DIRECTIONS FOR THIS TASK: Please restate, exactly as they appear, only the lines from the one that contains "Personalized Bath Towel" to the final line of the entries, with no pictures.
[[ INPUT, beginning ]]
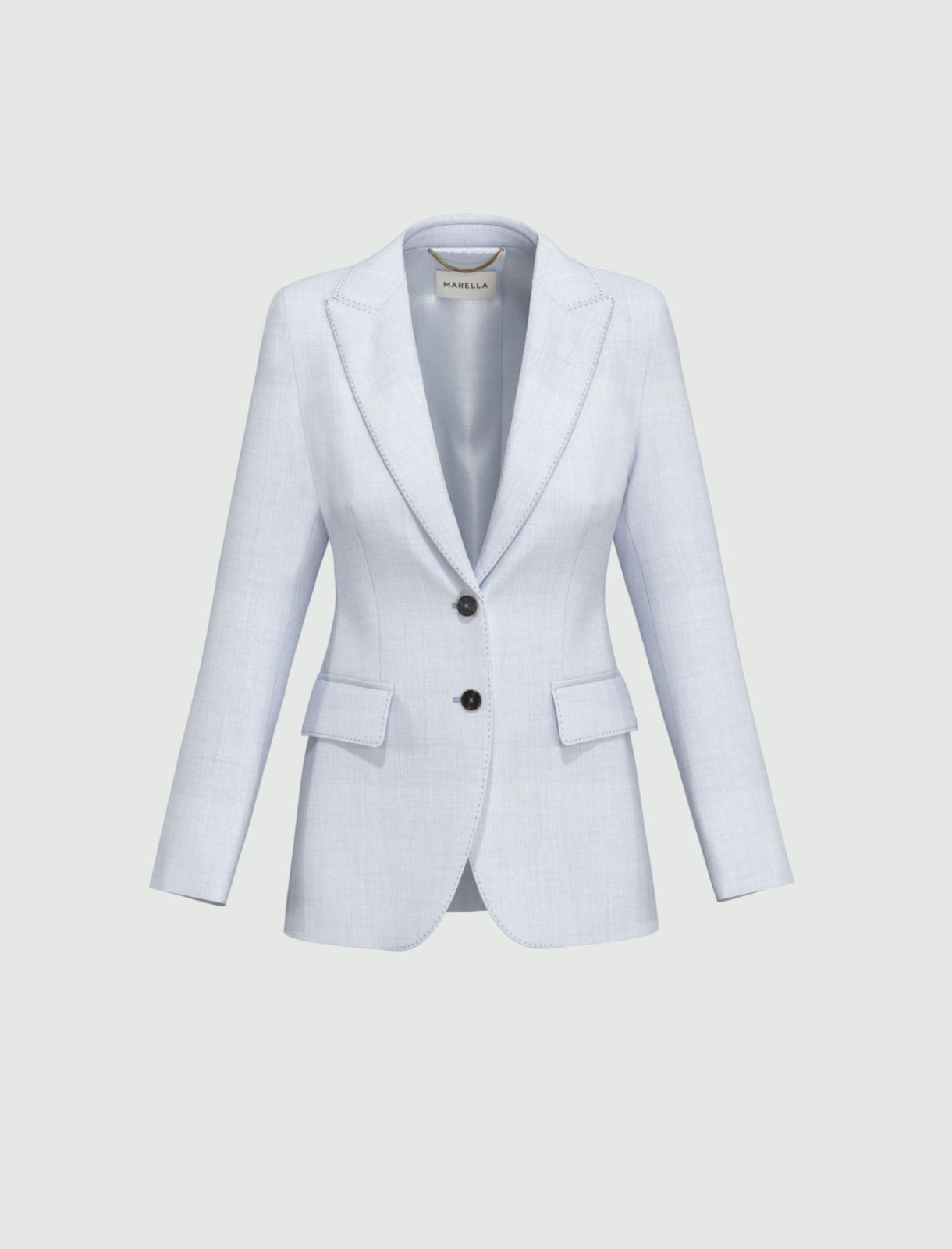 Blazer in stuoia melange - Cielo - Marella - 2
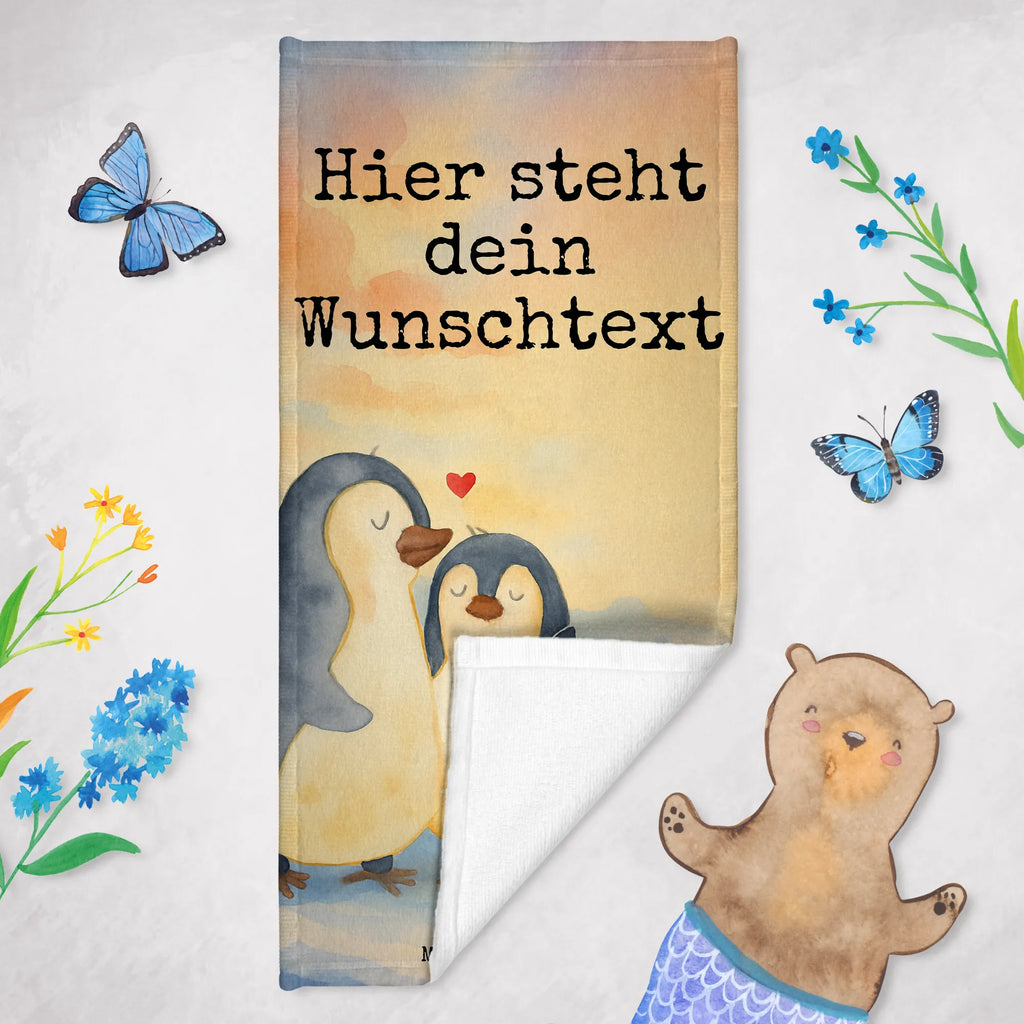 Personalized Bath Towel Penguin embrace Design Personalisiertes Badetuch, Kinder Handtuch mit Namen, Strandtuch mit Namen, Saunatuch mit Namen, Badetuch mit Namen, Personalisiertes Handtuch, Duschtuch mit Namen, Pinguin, Hochzeitstag, Liebesbeweis, Verlobung, Liebespaar, Liebesgeschenk, Jahrestag, Hochzeitsgeschenk, Hochzeit, Liebe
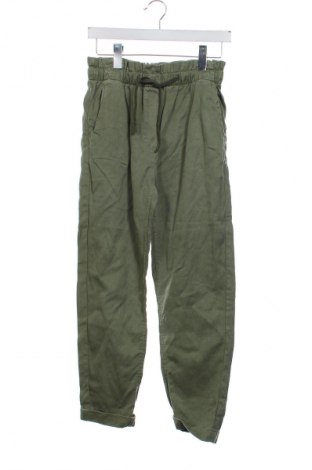 Pantaloni de femei Zara, Mărime XS, Culoare Verde, Preț 64,99 Lei
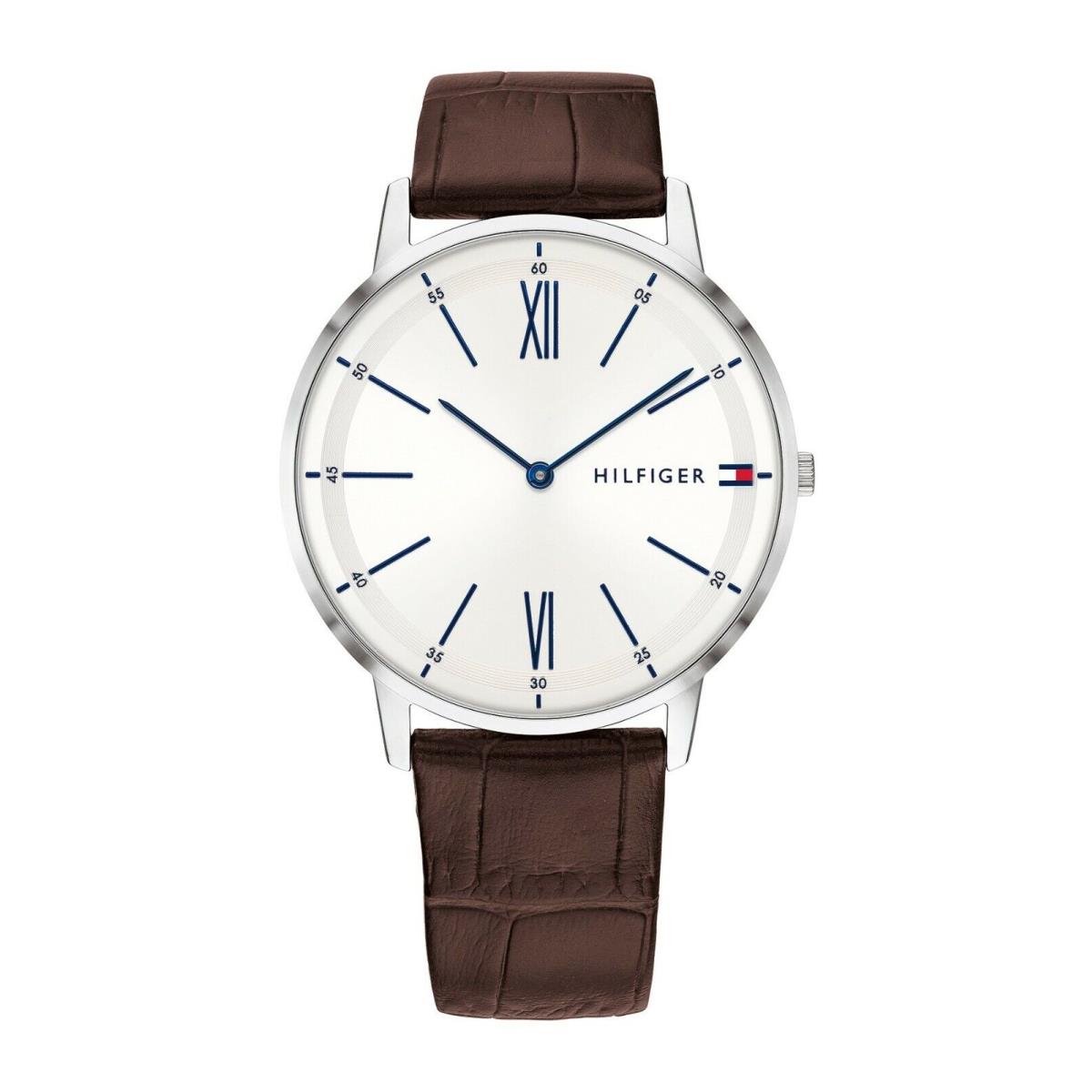 Tommy Hilfiger Men`s 1710371 Analog Display Japanese Quartz Brown Silver Watch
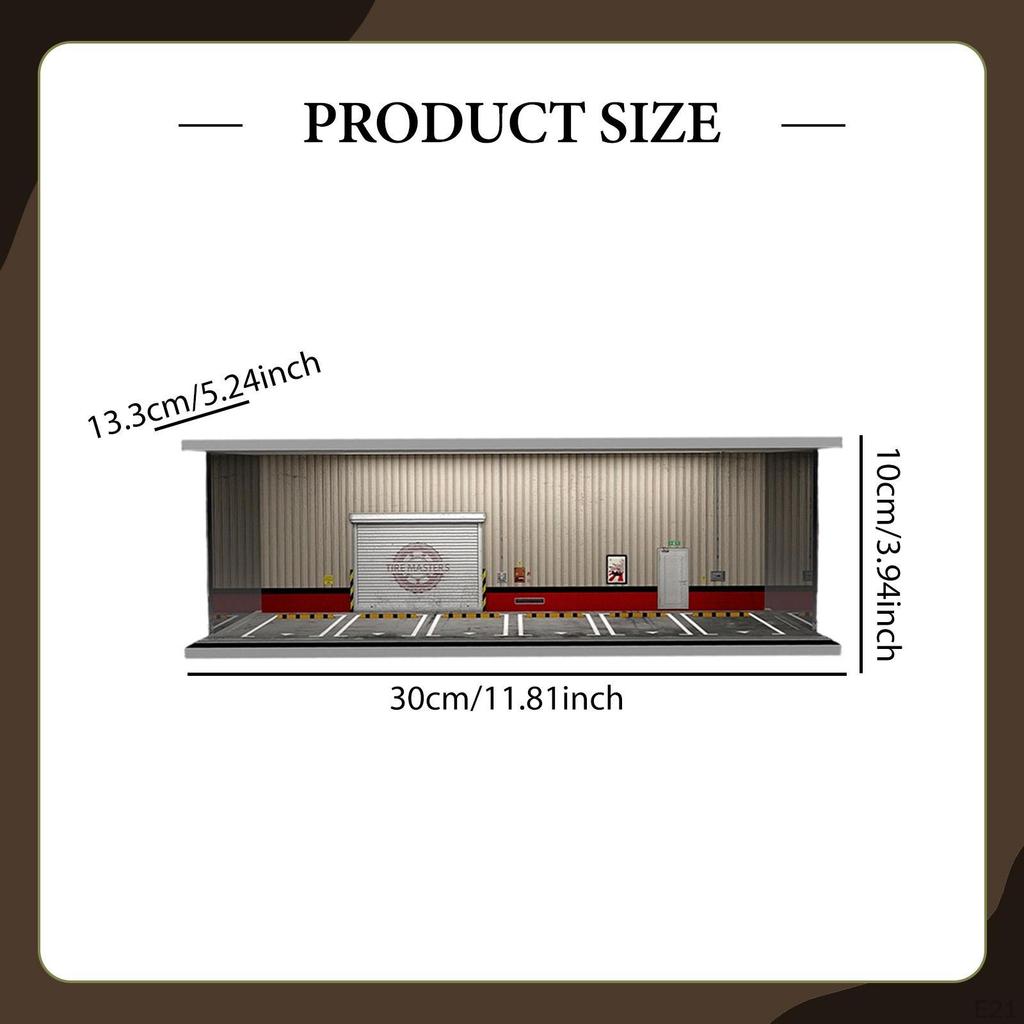 1/64 Model Car Display Case Diorama Decorative Scenario Toy Storage Box Showcase Organizer for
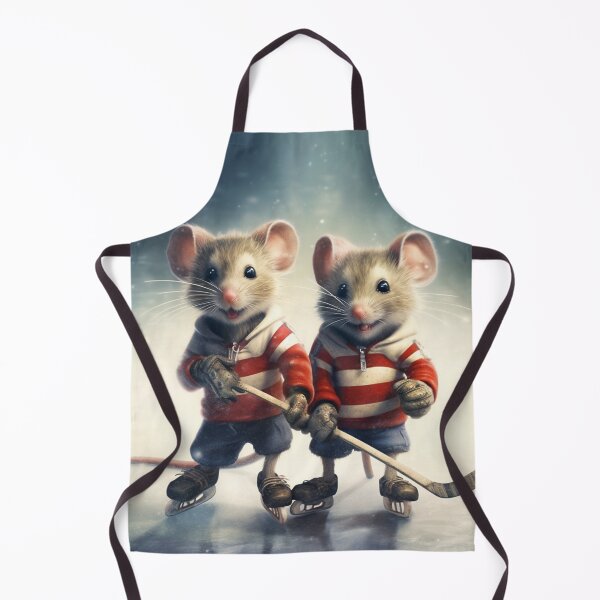 Item preview, Ice Hockey Mice: Playful Mice on Ice designed and sold by LukeAiWalker.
[[ INPUT, end ]]
SOLVED EXERCISE:
 Personalized Bath Towel Penguin embrace Design Personalisiertes Badetuch, Kinder Handtuch mit Namen, Strandtuch mit Namen, Saunatuch mit Namen, Badetuch mit Namen, Personalisiertes Handtuch, Duschtuch mit Namen, Pinguin, Hochzeitstag, Liebesbeweis, Verlobung, Liebespaar, Liebesgeschenk, Jahrestag, Hochzeitsgeschenk, Hochzeit, Liebe
 Pantaloni de femei Zara, Mărime XS, Culoare Verde, Preț 64,99 Lei
 Tommy Hilfiger Men`s 1710371 Analog Display Japanese Quartz Brown Silver Watch
 1/64 Model Car Display Case Diorama Decorative Scenario Toy Storage Box Showcase Organizer for
 Item preview, Ice Hockey Mice: Playful Mice on Ice designed and sold by LukeAiWalker.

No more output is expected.